One of the points most strongly argued by eurosceptics is that the euro was the trigger for all the follow-on problems of property bubbles, wild spending by governments, etc. How true is that?
It’s certainly true that exiting the eurozone creates problems that a country would not have if it had not entered the eurozone in the first place. But I’m not sure I buy the argument that Greece et al would still be competitive if it still had the drachma. Greek competitiveness has surely been hindered by successive Greek governments throwing borrowed money at their people rather than reforming their economy, and that would have happened inside or out. It’s the weirdness of the pro-devaluation argument that I struggle with: its supporters say that internal devaluation within the euro, that is, cutting labour costs, etc, hurts the poor. That can be true. But devaluation increases imported inflation which makes fuel and imported food and consumer goods more expensive which also hurts the poor. You cannot get away from actual economic reforms, and at least within the eurozone you have the benefit of currency stability. Selling devaluation as a pain free solution is a three card trick.
As for the cheap credit argument: Would Spain and Ireland not have had property bubbles if they had kept the punt and peseta? It is certainly arguable that Irish lending institutions would not have had as much access to cheap funds to lend out, but don’t forget that both countries were seen as attractive places to invest, and in the modern global economy that attracts capital. Ireland had a growing economy, a strong pro-business environment, a well-educated workforce and membership of the single European market. We should also not forget that the amount of money flooding into Ireland, even if it had been a smaller amount, was still going to be lent recklessly by a banking regulation regime that was not as much light touch as a financial version of shadow hand puppets.
Finally, don’t forget that Ireland had been a public spending nutcase OUTSIDE of EMU, and became a good boy once bound by the Maastricht criteria. EMU forced Irish leaders to obey borrowing rules that they would have struggled to create domestically.

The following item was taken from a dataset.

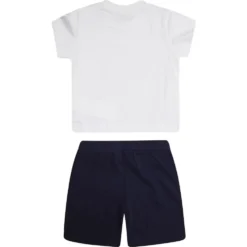 COMPLETO TS+ SHORT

Of course, the big question is what would have happened in a Europe where countries like Greece over borrowed but without EMU. Would we still be baling out Greece if there was no euro? That depends as to how integrated the banking system would have become. Is there reason to believe that the non-existence of a single European currency would have made cross border contamination less likely? That’s the big question to which I don’t know the answer, but it does raise another question: Did the problems of banks in other (non-European) currency zones have any effect on us? Is this a problem of EMU, or the intricate integration of the global banking system? Is the problem that we are trying to apply national solutions to what is essentially a European banking system?